(Replying to PARENT post)
This hits pretty close to home.
(Replying to PARENT post)
...but in the meantime, here's an obligatory and shameless plug for donating to the Internet Archive[1] (tax-deductible in the US), or better yet making a recurring monthly donation so they can more accurately forecast revenue for the year, or better still getting your employer to make a nice big donation to this crucial bit of Internet memorybanks.
And as for Archive Team, we're always looking for a few good geeks.[2] Run an instance of the Warrior on spare cloud servers, or help patch and ship code at GitHub.[3]
[1] http://archive.org/donate/
(Replying to PARENT post)
I've written about this before, and even right now I'm not sure where I stand exactly, except that tweaking the algorithms to compensate for bias is definitely not the right answer: if you look at the mirror and don't like what you see, you don't draw on top of the mirror to accentuate the result! You go on a diet!
I liked the idea of data gardening, but the thought of going-to-communities is daunting. I get tired even thinking about it.
Regarding living beyond walled gardens:
> Publish your texts as text. Let the images be images. Put them behind URLs and then commit to keeping them there. A URL should be a promise.
But people already do that! The question now is to turn to why people do otherwise. I personally do not understand the reason people say, post long blogposts on Facebook, but I do understand for services like Medium.
For example, I'm extremely tempted to write on Medium because it provides the network effects of readers clicking on tags to read next. So the question is how do we democratize that?
(Replying to PARENT post)
Also, it's funny how the net changes, how unthinkable it is to have a social network that doesn't slice up people's data and use it to advertise to them now compared to how anti-advertising LiveJournal was back then. Not convinced it's a change for the better.
(Replying to PARENT post)
Also I don't necessarily understand Ceglowski's stance on why we shouldn't use deep learning and should avoid surveillance on the web. I don't take issue with becoming a datapoint in Facebook's web of people because nothing bad has happened or can happen from me giving Facebook my data. When most people speak out about the data that's being collected about Facebook and Google users they say they're "worried about what could happen" but then never list any bad things that they're actually afraid of. The speaker falls to this issue too. Ceglowski says:
>I worry about legitimizing a culture of universal surveillance.
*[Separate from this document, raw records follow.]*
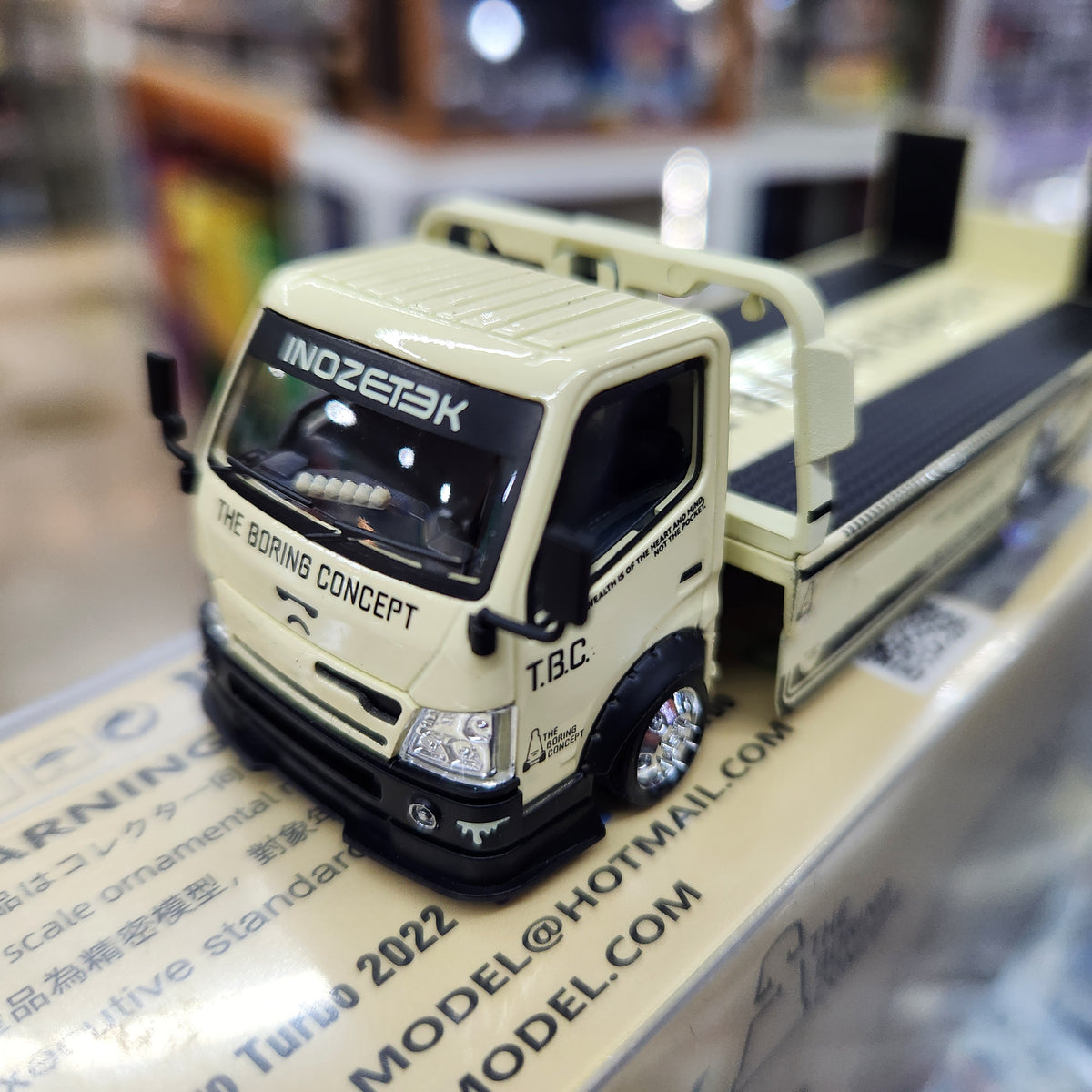 Micro Turbo - 'The Boring Concept' Custom Tow Truck - 1:64 Scale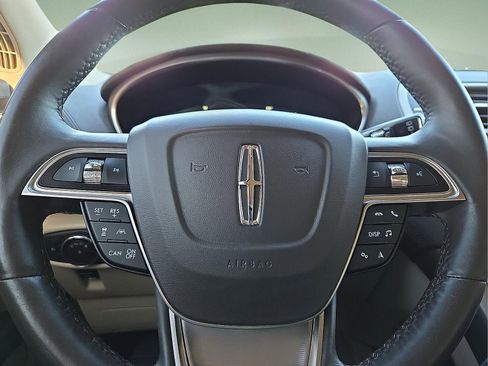 Used 2020 Lincoln Nautilus Reserve w/ Equipment Group 202A AWD/4WD image 24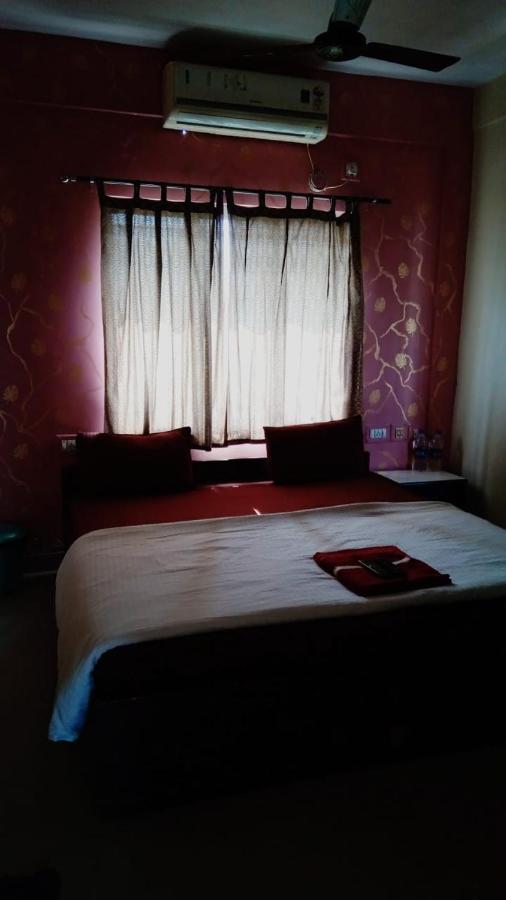 The Tavern Orchid Hotel Calcutta Eksteriør billede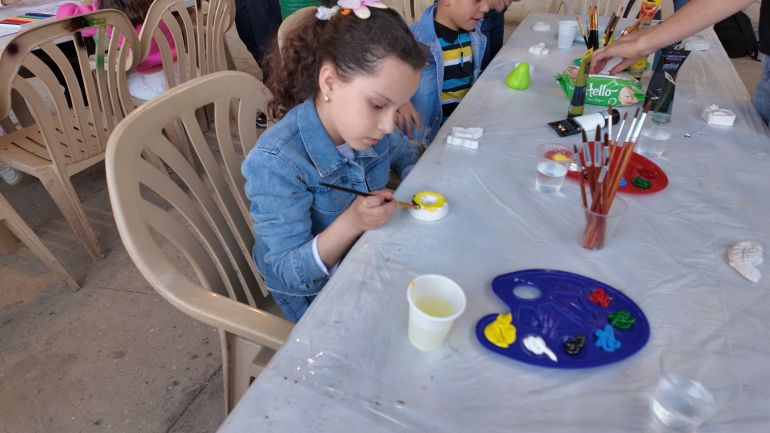 للأطفال حصة من مهرجان عامل حيث خصصت لهم نشاطات متنوعة (الجزيرة)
But then never explains what bad could happen from legitimizing that culture. Maybe I'm completely missing the point of the talk? Please explain what I'm missing if I'm actually missing something.
(Replying to PARENT post)
The author's concerns over machine learning are well-founded. The best option I've been able to identify to ameliorate some of the concerns is focusing on the population that will be suppressed. Once the model returns the desired recall / precision, drawing samples from the excluded population with a rigorous acceptance standard can help validate whether you've simply built a model around your biases. Couple that with allowing an opponent to validate a randomly-selected sample and you've cleared up a lot of the uncertainty in the model.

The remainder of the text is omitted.